___ RECORD SET ___

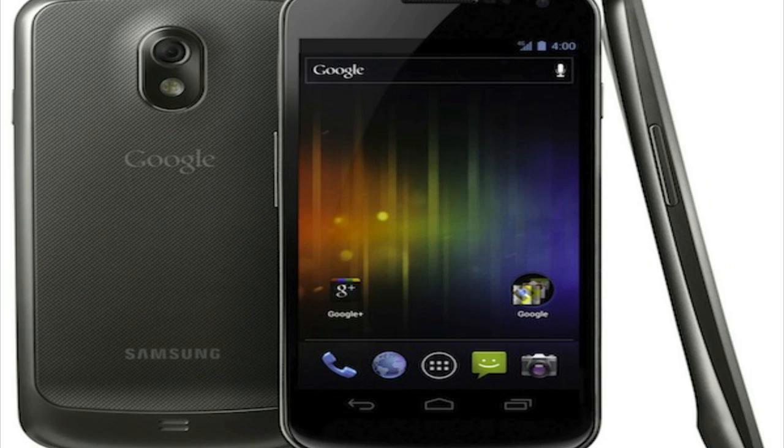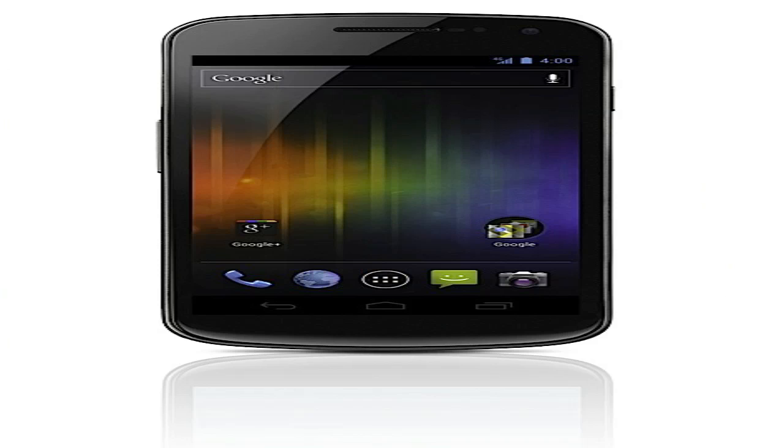Hey, what's up guys, I take up here coming at you with a little bit of breaking news. The Galaxy Nexus was announced at the Samsung and Google Ice Cream Sandwich event. This phone will have a 4.65-inch HD Super AMOLED display with a 1.2 gigahertz dual-core processor.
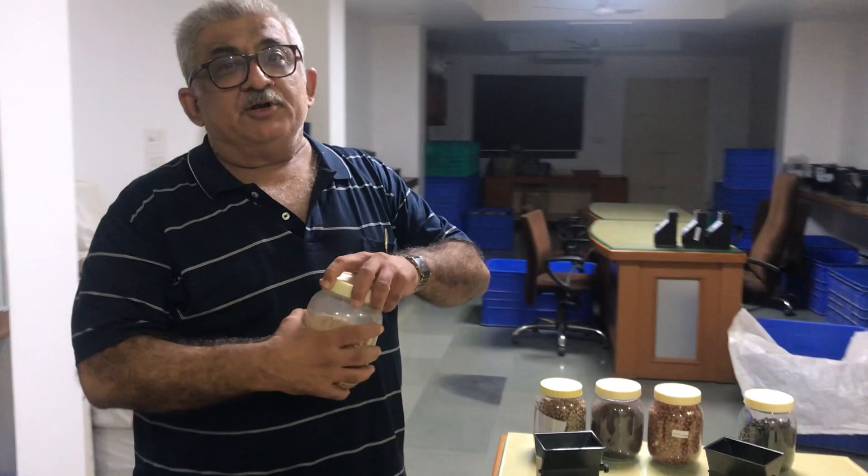Today, I will demonstrate the moisture content in soya bean seed.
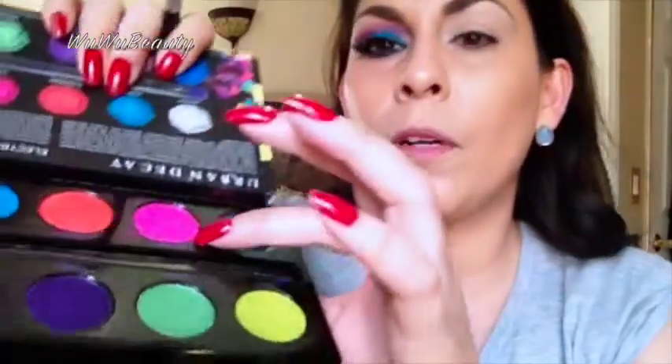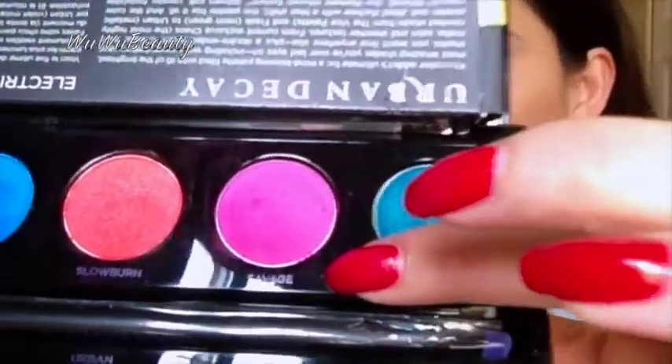First we're going to go ahead and use a fluffy brush — the tapered blending brush from Sigma, the F40 — and I'm going to take Savage from the palette and put it all over the crease as the transition color.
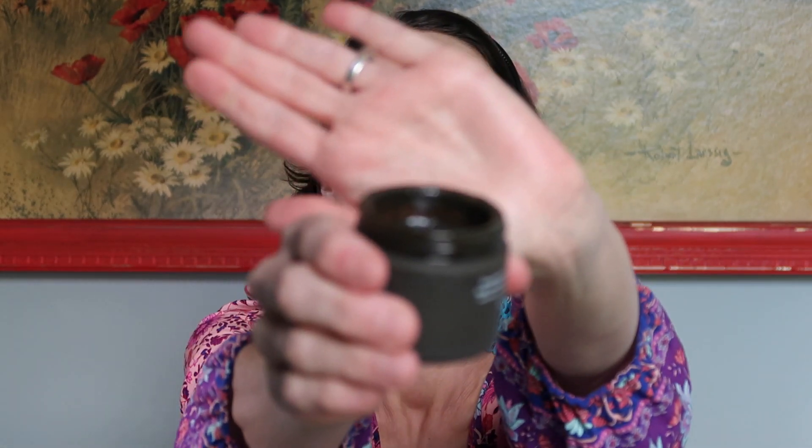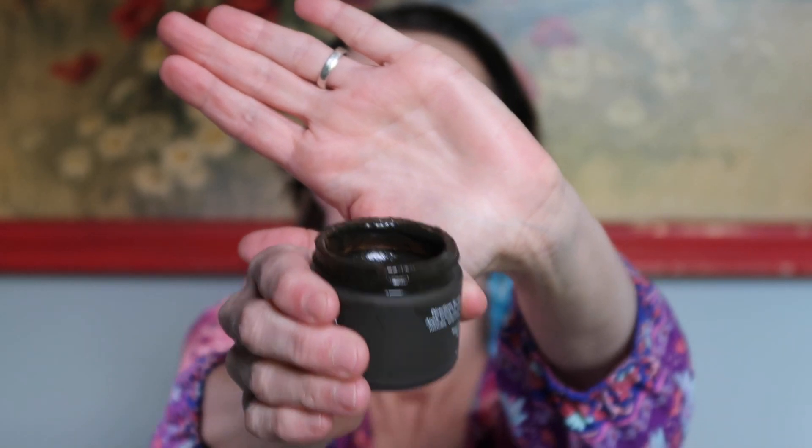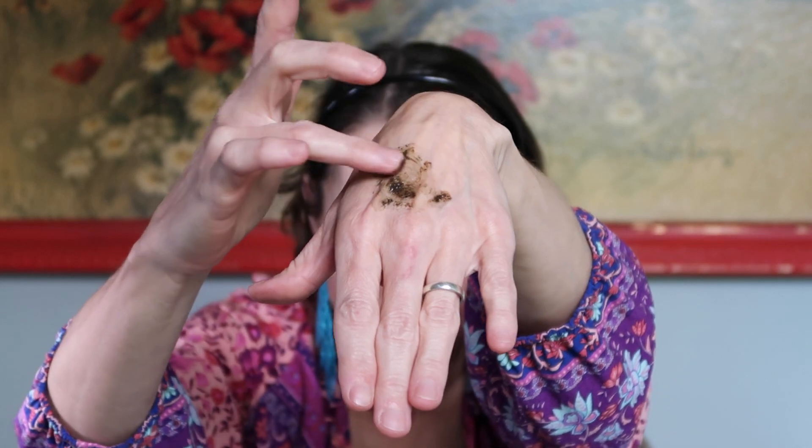It comes in a frosted glass package and the consistency is kind of runny — you can see it moving. When you touch it, it's a little tacky. I'll put some on the back of my hand. It's kind of gel-like but also very oily, and there are some fine particles in here that provide the exfoliation.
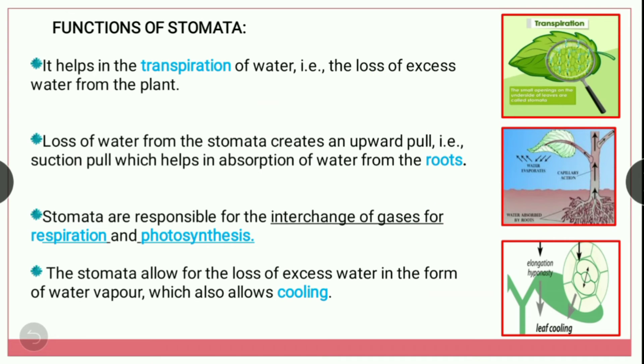Now let's see the functions of stomata. The first function is that stomata help in the transpiration of water, that is the loss of excess water from the plant. Here you can see in the first picture — this is a picture of transpiration. The second function: loss of water from the stomata creates an upward pull, that is a suction pull, which helps in the absorption of water from the root. When water is lost from the stomata it creates pressure on the root, and with the help of that pressure it absorbs water from the soil and transfers it to different parts of the plant.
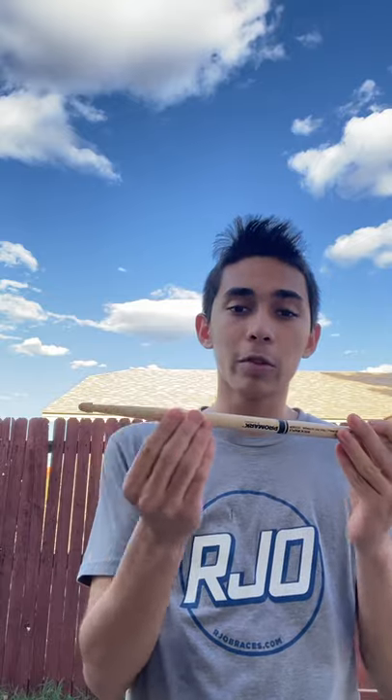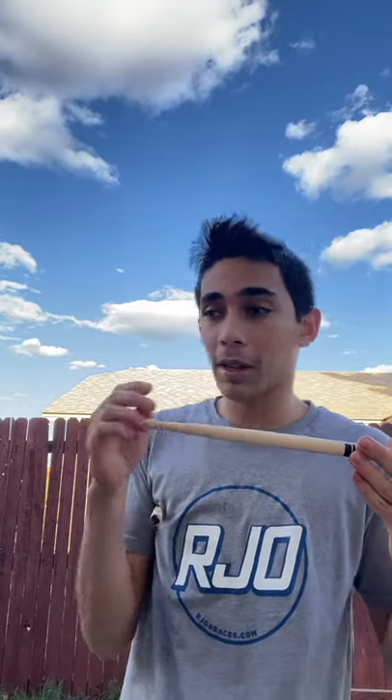For all you rock drummers out there, it might seem like you'd lose power because of the long taper and acorn tip, which might make it seem like a jazzy stick. But keep in mind this is a maple stick at 0.600, so you're going to have extra weight in the butt end of the stick — where you grip the sticks 99% of the time. If this were a normal Promark stick, I'd bet it would be a rebound balance, but this is still a very versatile stick.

___

WHAT IS NEEDED: Exactly restate the lines from the one holding "Now let's see" to the final line of the records above, including both and excluding pictures.

WRITTEN RESPONSE:
Now let's see the functions of stomata. The first function is that stomata help in the transpiration of water, that is the loss of excess water from the plant. Here you can see in the first picture — this is a picture of transpiration. The second function: loss of water from the stomata creates an upward pull, that is a suction pull, which helps in the absorption of water from the root. When water is lost from the stomata it creates pressure on the root, and with the help of that pressure it absorbs water from the soil and transfers it to different parts of the plant.
For all you rock drummers out there, it might seem like you'd lose power because of the long taper and acorn tip, which might make it seem like a jazzy stick. But keep in mind this is a maple stick at 0.600, so you're going to have extra weight in the butt end of the stick — where you grip the sticks 99% of the time. If this were a normal Promark stick, I'd bet it would be a rebound balance, but this is still a very versatile stick.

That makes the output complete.